For the purpose of this chart I ignored anything with less than 100 hours played, which it turns out is a surprising number of MMOs including Lord of the Rings Online, Warhammer Online, Guild Wars 2 and a few others.  The fact that almost 40% of my time spent playing MMOs has been in World of Warcraft was not a huge shocker, considering I played that game for roughly 7 years without taking much of a pause.  The fact that Rift weighs in at number two is also not a huge shock, considering I have played it off and on since release.  What did surprise me is that I fully expected Everquest 2 to be in third place, as it is one of those titles I keep cycling back to periodically.  I guess the thing is that I don’t end up playing it for terribly long before the combat system ends up frustrating me and I move in.  In the year it has been out Final Fantasy XIV has shot to the number three spot in total time spent in an MMO with 536 hours.  If nothing else I feel like that is pretty telling of just how much I am enjoying this game.

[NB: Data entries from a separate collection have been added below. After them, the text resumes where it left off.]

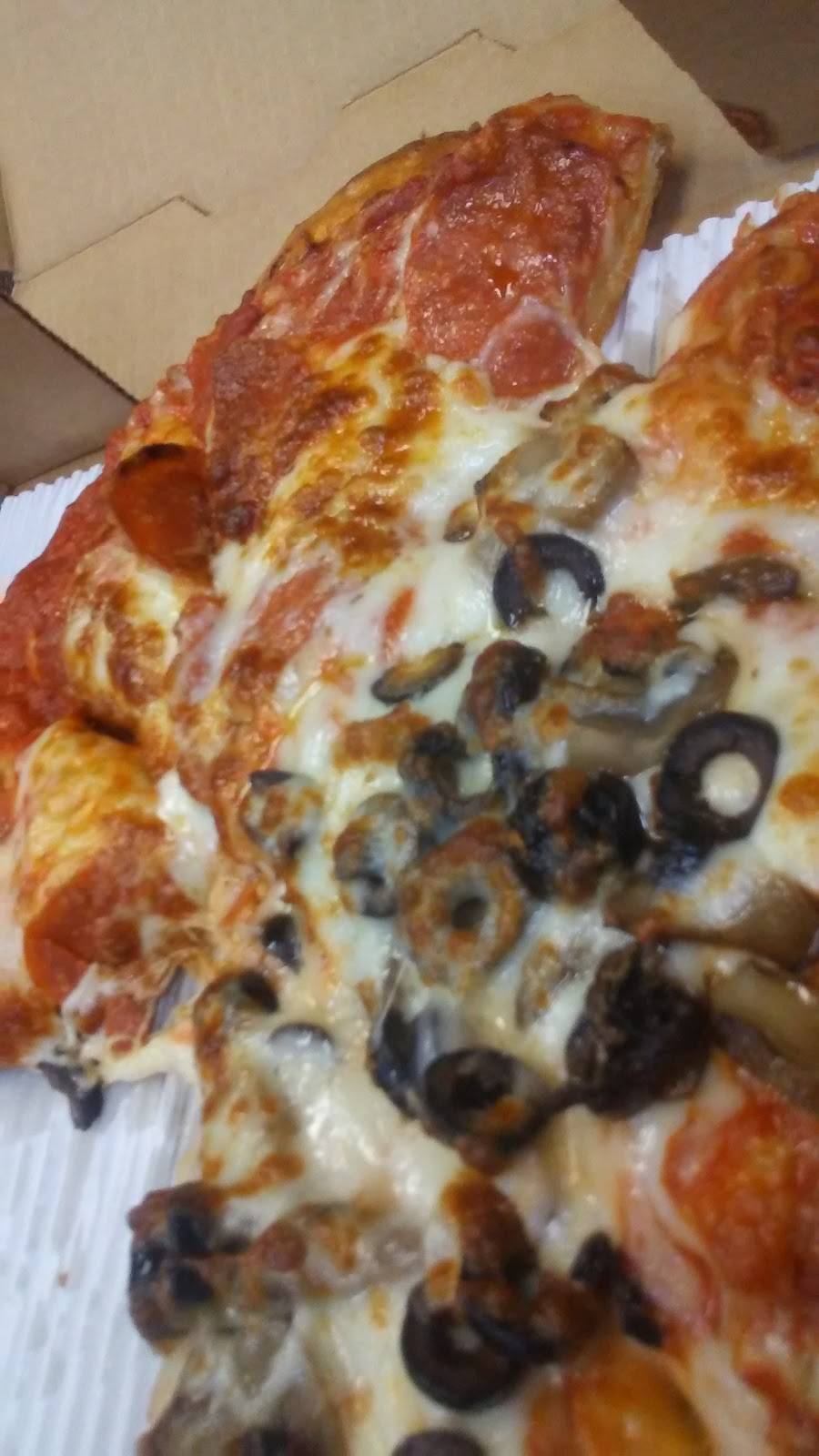 Leftys Pizza | restaurant | 1018 Ralston Ave #101, Defiance, OH 43512, USA | 4197840789 OR +1 419-784-0789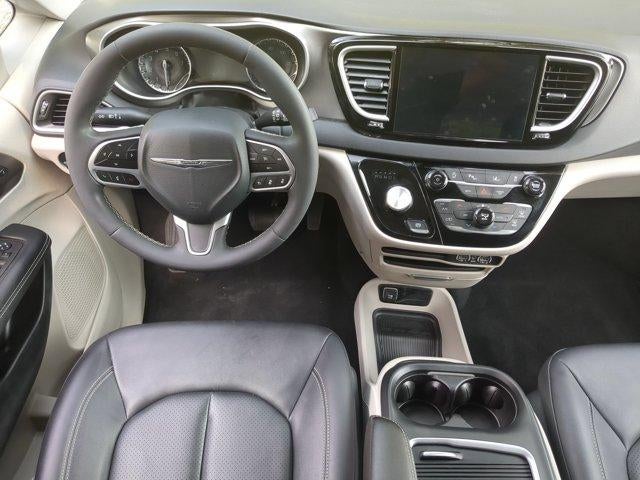 2024 Chrysler Pacifica Touring L FWD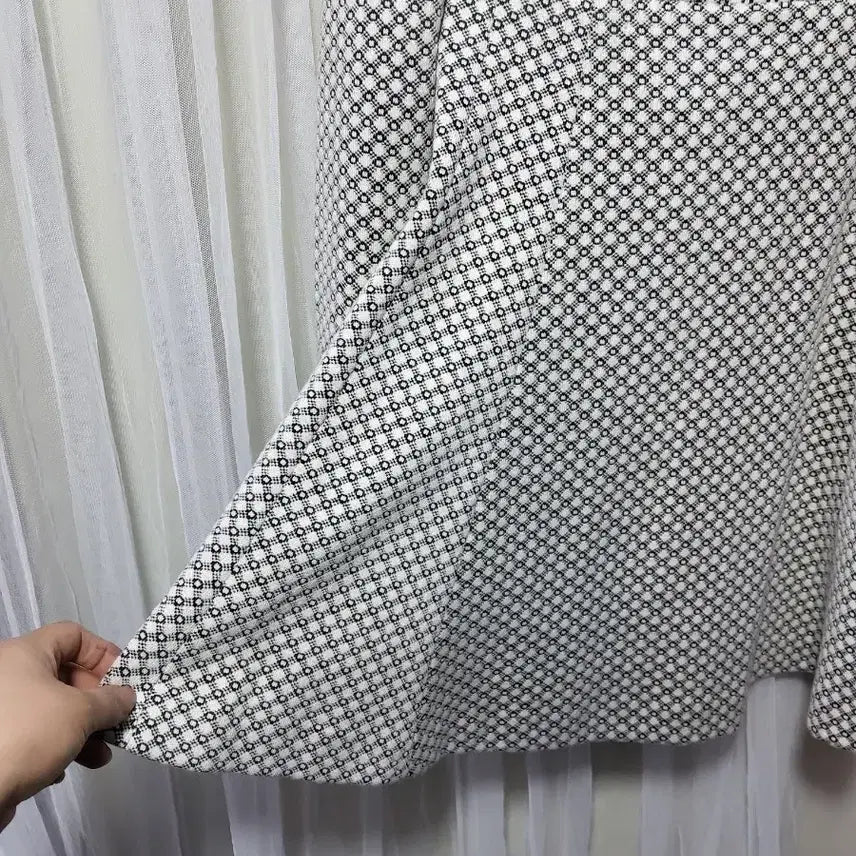 [BUNJANG] JJ JIGOTT Patterned Wool Flare Midi Dress / JJ지고트 JJ JIGOTT 장식 패턴 모 플레어 원피스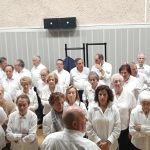 Otxarkoaga vibra con las voces del coro de ASPARBI en el certamen municipal 'Betiko-Música de siempre'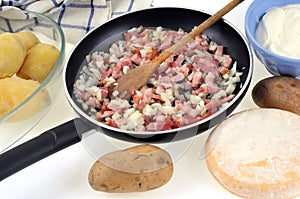 All the ingredients to prepare a tartiflette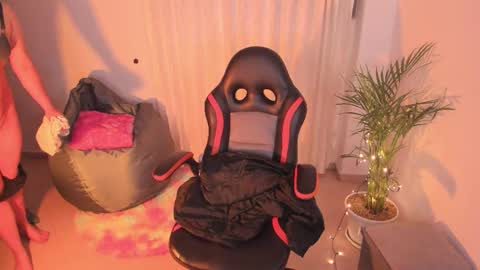 Snapshot of madelaine_taylor chatting on 21, 1, 2025 madelaine_taylor online show from 21, 1, 2025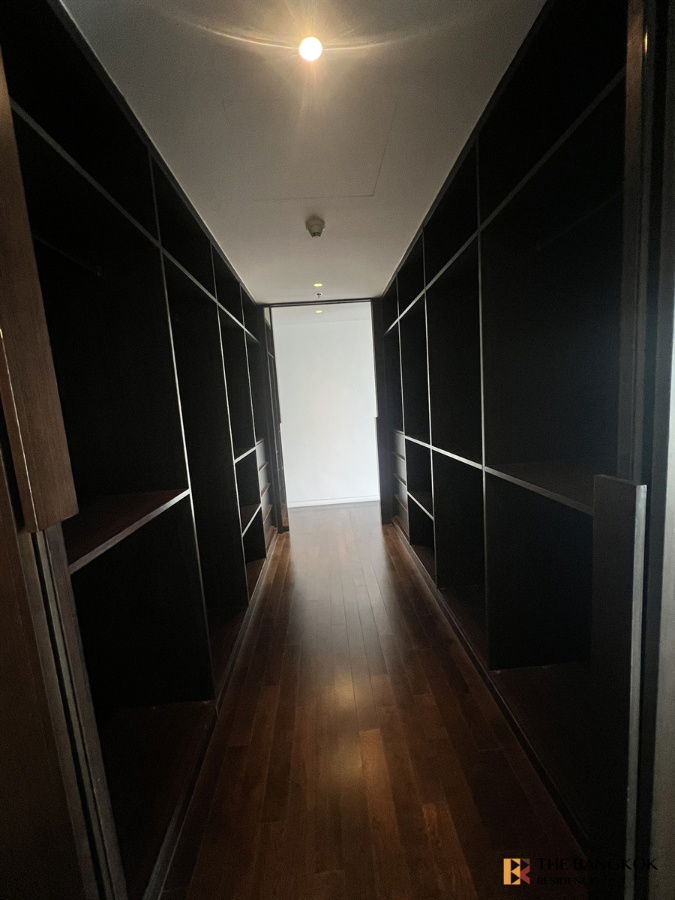 รูป  Hansar Residences Bangkok ✨ Spacious Unit with Sport Club View 🌳 ใกล้ BTS ราชดำริ  - รูปที่ 8/12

The last revelation is that I found it interesting that I spent roughly the same amount of time in Elder Scrolls Online, Star Wars the Old Republic and Wildstar.  Wildstar was the lowest of the 100 hour plus club weighing in at only 122 hours.  Elder Scrolls Online was the highest with 163 hours, but were we able to include the year I spent testing that game I would have probably overtaken Everquest 2 at least.  With Star Wars the Old Republic I could have sworn I spent more than 127 hours playing the game, so it really makes Wildstar and SWTOR almost exactly the same…  which is strange considering that I never got a character to maximum level in Wildstar, but managed to level three in SWTOR.  I guess the content grind really was that much faster in SWTOR than I realized.  In any case it is interesting to look at the data and see where your time has been spent.  Raptr by no means is an exact science, but I have it running on both my desktop and my laptop so in theory the data should be relatively complete.

A New Lance

ffxiv 2014-11-02 21-47-07-232 For some time now I have focused on my Warrior job in Final Fantasy XIV as my main.  I figured it was the one that I needed to be geared the most since I was going to end up tanking for my free company when we raided.  However since launch I have also really liked playing a Dragoon, and for the purpose of Duty Roulette I almost always queue as DPS.  Ages ago I got all of my jobs that I have at 50 to ilevel 90 so that they would be viable doing pretty much anything I cared to dip my toe into.  However before we started contemplating raiding, I picked up a handful of pieces out of Syrcus Tower on my Dragoon placing him slightly ahead of the pack.  Since the unlocking of loot in Syrcus I have been spending most of my time there trying to get him gear.  Right now I still figure that most of my soldiery needs to go to finishing getting the warrior to ilevel 110 or better, however at 108 I am still leaps and bounds ahead of a lot of my guildies.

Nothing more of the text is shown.